More importantly, the improvement also appeared on the test set. The polynomial model had a test-set RMSE of 0.130, compared with 0.136 for the multiple linear regression model. Its test-set R^2 increased from 0.890 to 0.900, and MAE decreased from 0.087 to 0.081. This indicates that the polynomial model generalized slightly better to new observations, rather than only improving the fit to the training data.
Statistically, these results suggest that some important housing variables have nonlinear relationships with sale price. Living area, basement size, year built, and lot area may not affect home value at a constant rate across their full ranges. By allowing second-degree polynomial effects for these predictors, the model captures curvature while remaining interpretable as an extension of multiple linear regression.
Because step_poly() uses transformed polynomial terms, the polynomial coefficients should be interpreted as evidence of curvature rather than as simple raw squared effects. The main takeaway is that adding nonlinear flexibility improved predictive performance while preserving a clear regression-based modeling structure.
The polynomial regression model extends the multiple linear
regression model by allowing selected numeric predictors to have curved
relationships with log_sale_price.
The general form of the model is:
\[ \widehat{\log(\text{Sale Price})} = 9.972 + 6.541(\text{gr\_liv\_area})_1 - 1.206(\text{gr\_liv\_area})_2 + 1.359(\text{total\_bsmt\_sf})_1 - 2.352(\text{total\_bsmt\_sf})_2 + 4.629(\text{year\_built})_1 + 0.533(\text{year\_built})_2 + 1.140(\text{lot\_area})_1 - 0.662(\text{lot\_area})_2 + \cdots \] Because step_poly() was used, the _1 and _2 terms represent first- and second-degree polynomial basis terms, not the raw variable and raw squared variable.
In this model, gr_liv_area, total_bsmt_sf,
year_built, and lot_area were allowed to have
second-degree polynomial effects.
Because the response variable is log_sale_price, the
model predicts the log of home sale price rather than sale price
directly.

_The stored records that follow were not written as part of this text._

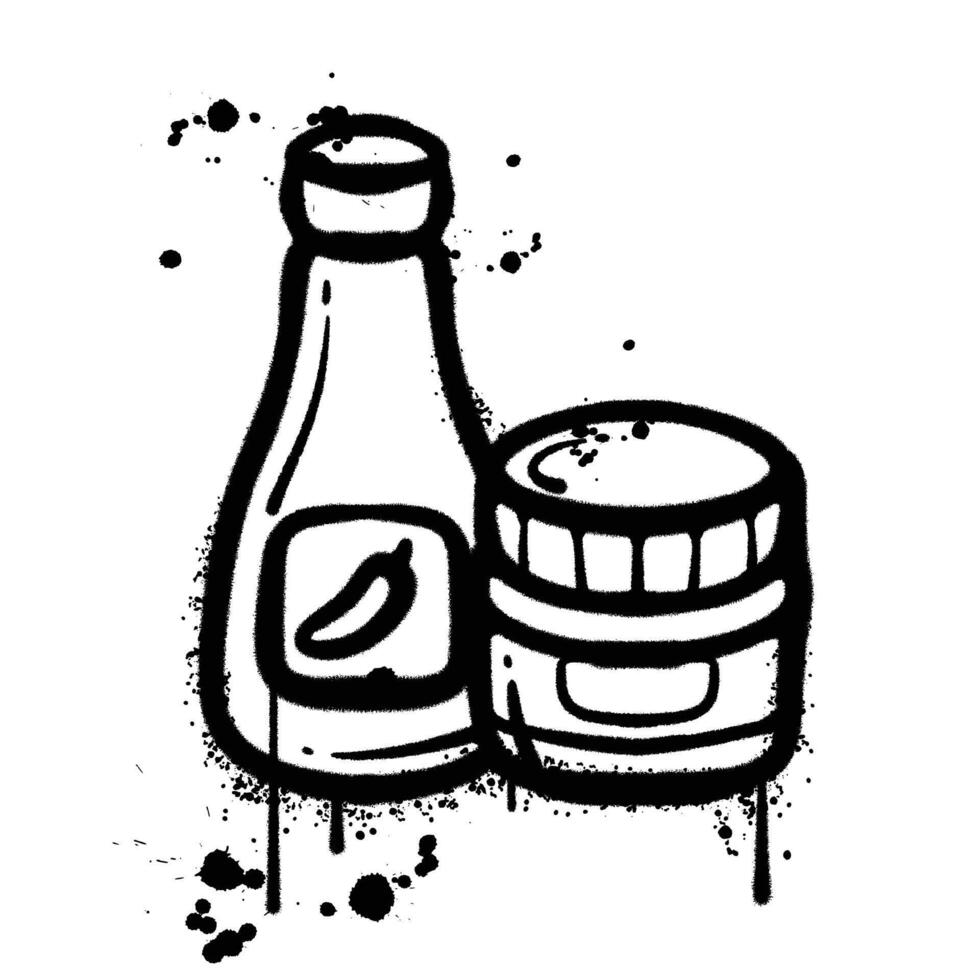 Black and White Graffiti spray Style Illustration of a Bottle and Jar vector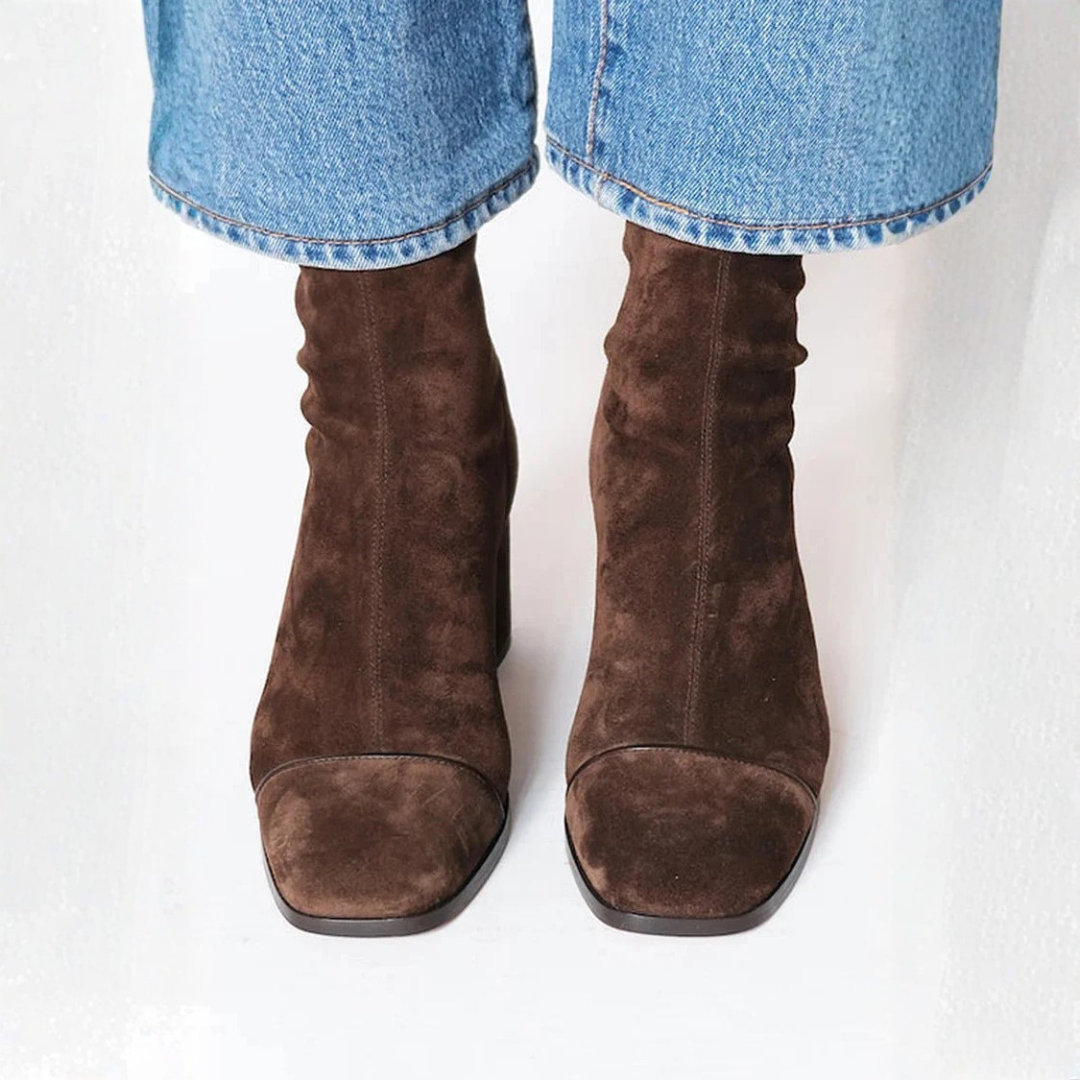 ELIZA & MAREN | SQUARE TOE HEELED BOOTS FOR WOMEN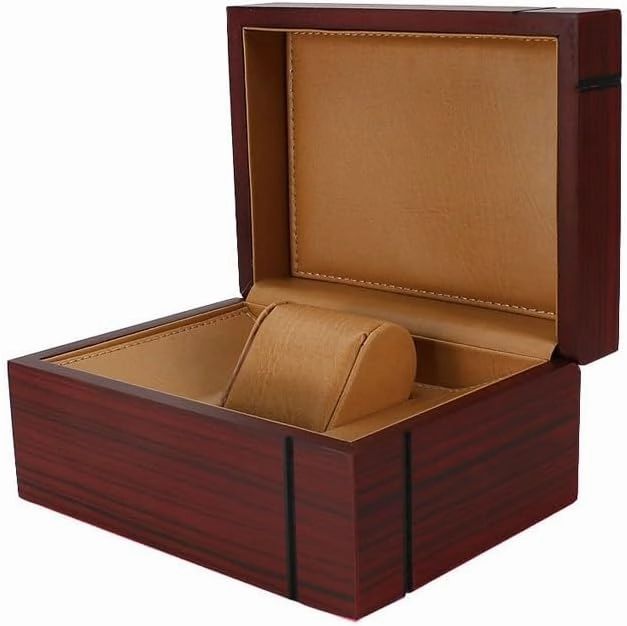 Watch Box Matte Lacquer Watch Box Red Wood Grain Watch Box Jewelry Storage Box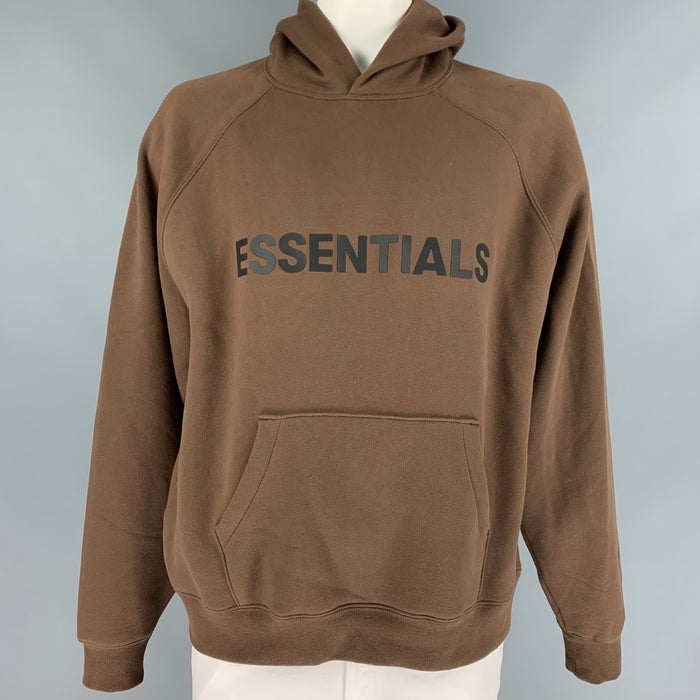 FEAR OF GOD ESSENTIALS Size L Brown Logo Cotton / Polyester Hooded Sweatshirt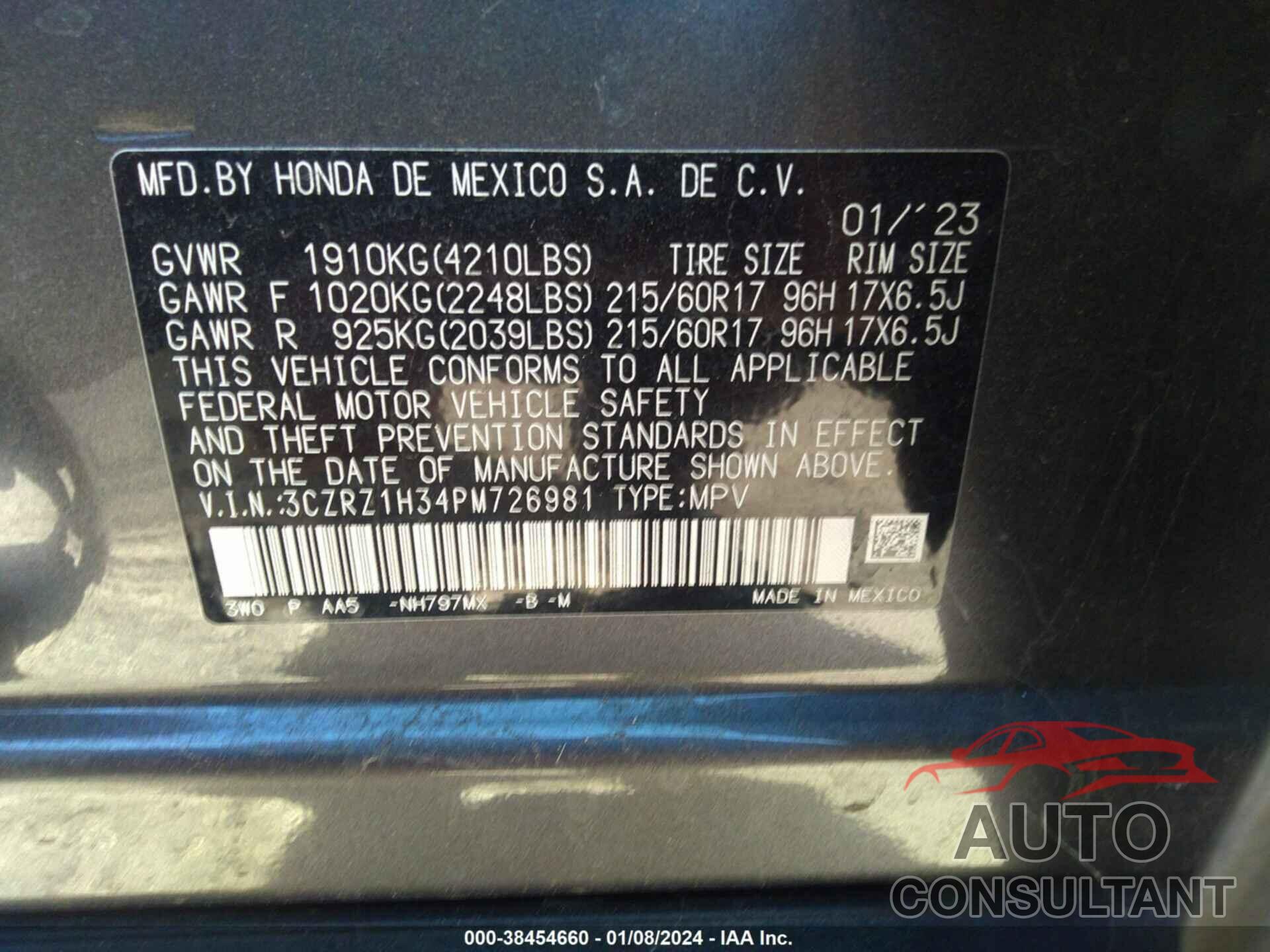 HONDA HR-V 2023 - 3CZRZ1H34PM726981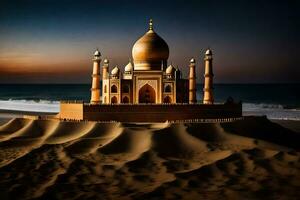 the taj mahal is a white sand dune in the middle of the ocean. AI-Generated photo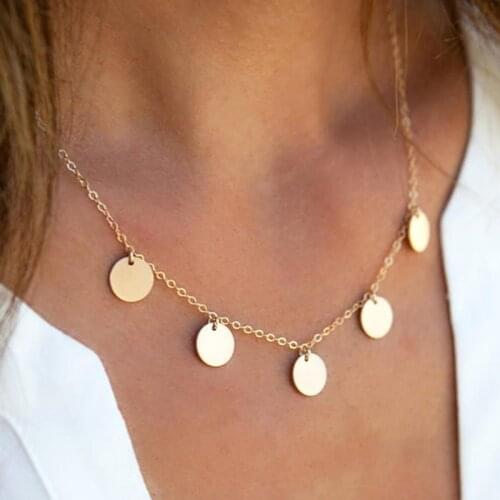 Gold Disk Pendants 100% 925 Silver Necklace 10MM Coins Choker Handmade Jewelry Bohemian Collier Femme Kolye Collares Jewelry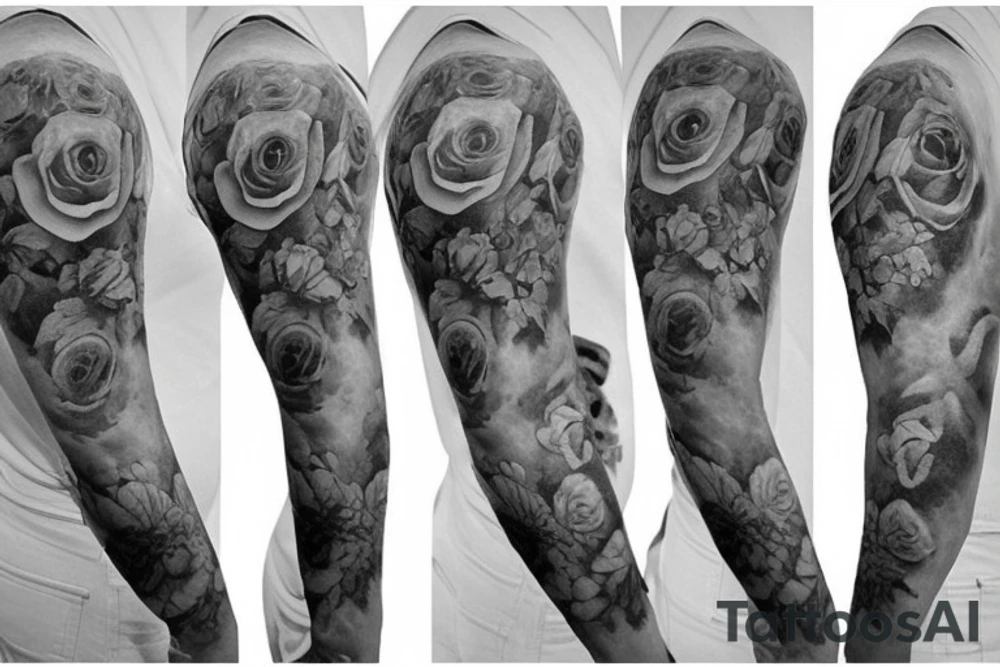 Guardian angel, roses, sleeve tattoo idea
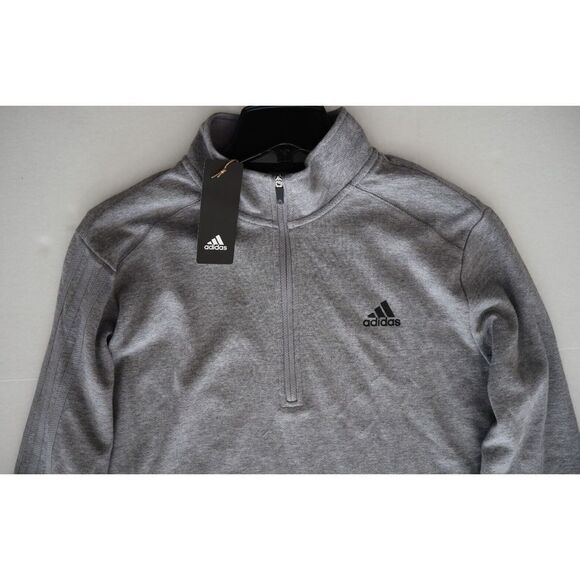 adidas ADK4427S21 Men's Sz L Heather Gray 1/4 Zip Long Sleeve Knit Pullover Top - Picture 9 of 13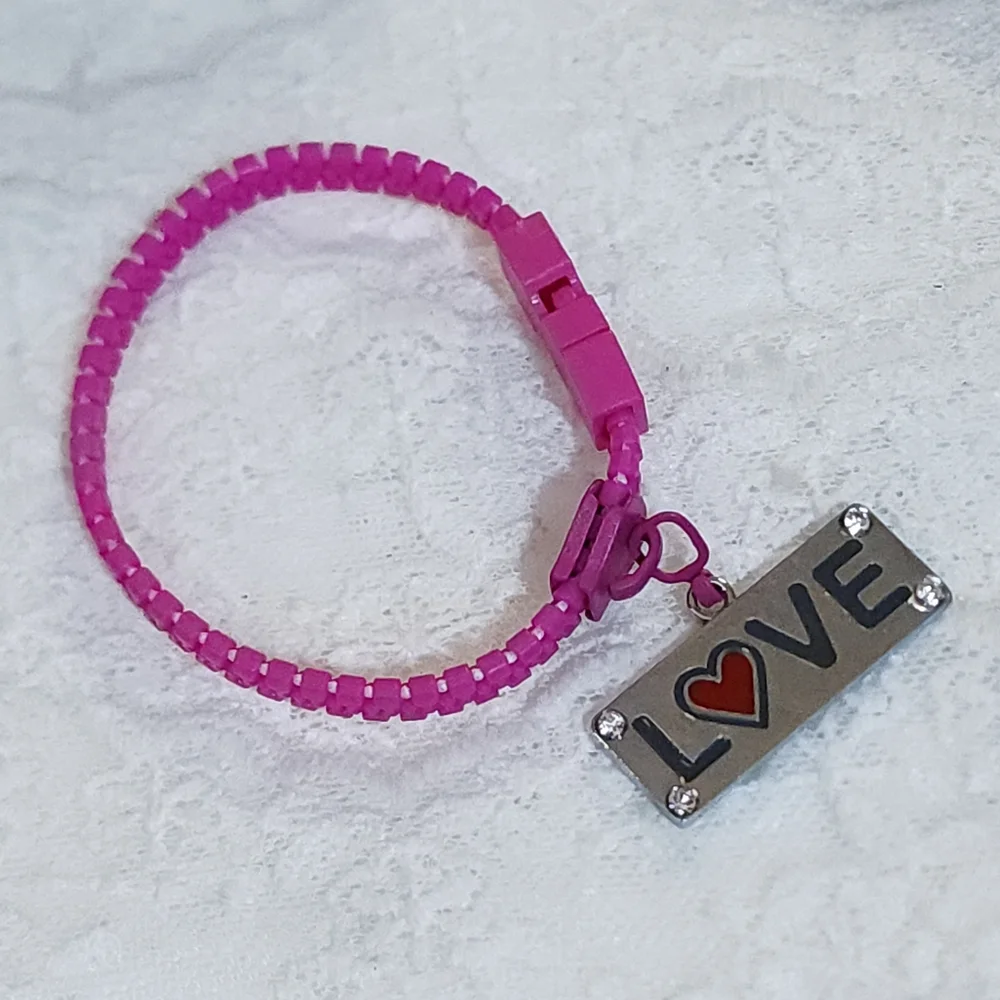 Kids Pink Zipper Bracelet with Love Charm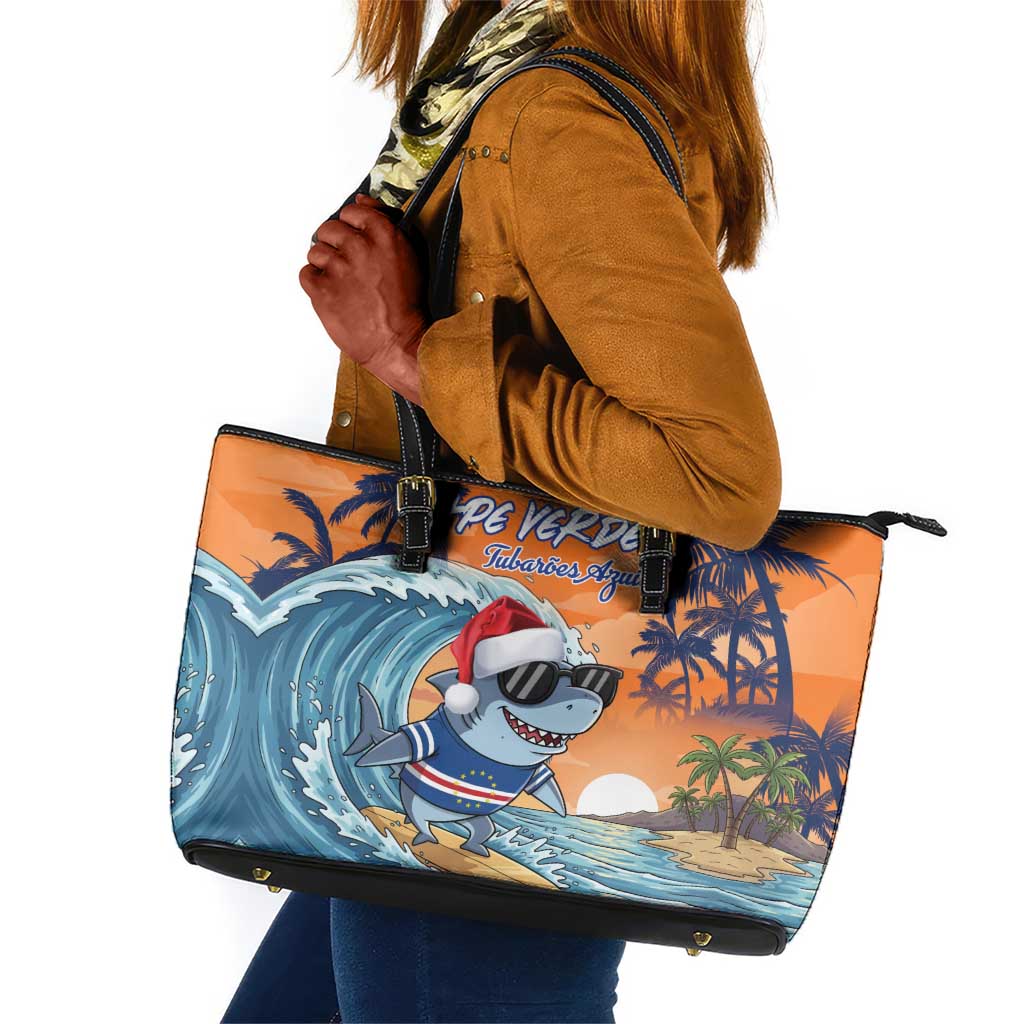 Christmas Cape Verde Leather Tote Bag Funny Shark Surfing - African Pride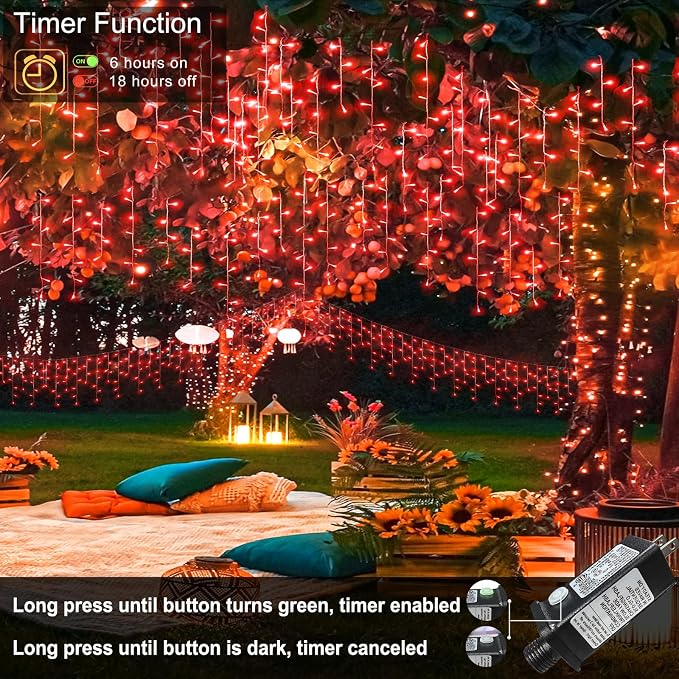 Red Christmas Lights Outdoor, 33ft 400 LED Icicle Lights for Outside | Clear Wire Connectable Twinkle Light with 8 Modes Timer Plug in Waterproof for Window Party Wedding Holiday Decorations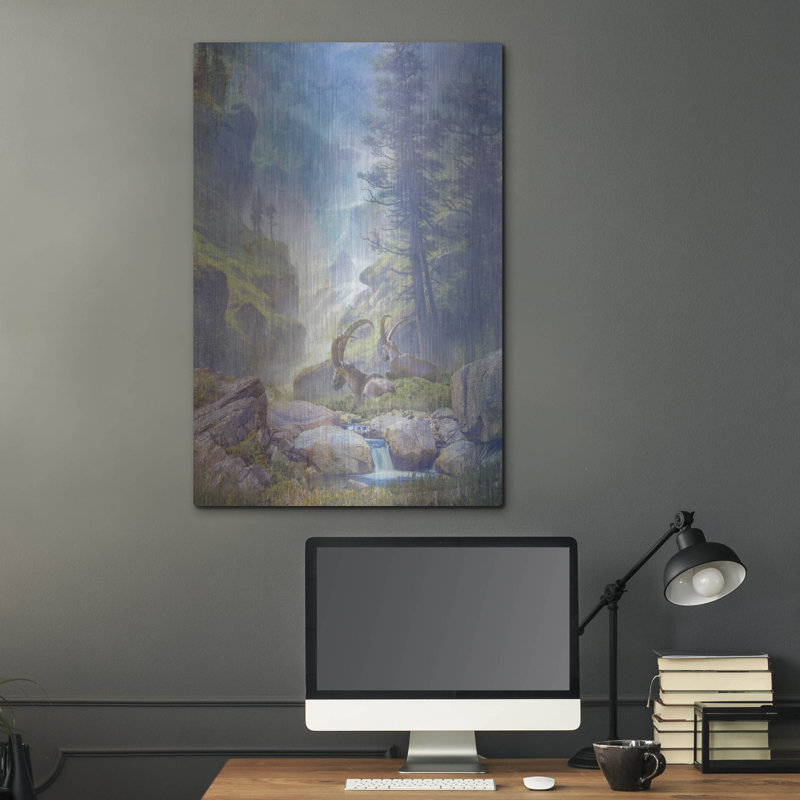«Bighorn Falls» par Steve Hunziker OOB, H 36 po x l 24 po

The predicted dollar sale price is obtained by exponentiating
the fitted value:
\[ \widehat{\text{Sale Price}} = e^{\widehat{\log(\text{Sale Price})}} \]
Can selected Ames housing characteristics classify homes into low, middle, and high price categories?
We will create price_category with 3 levels
low, middle and high. Baseline
level will be low. The model estimates 2 equations:
We will use a smaller feature set than MLR. Multinomial models with many categorical predictors can become large quickly.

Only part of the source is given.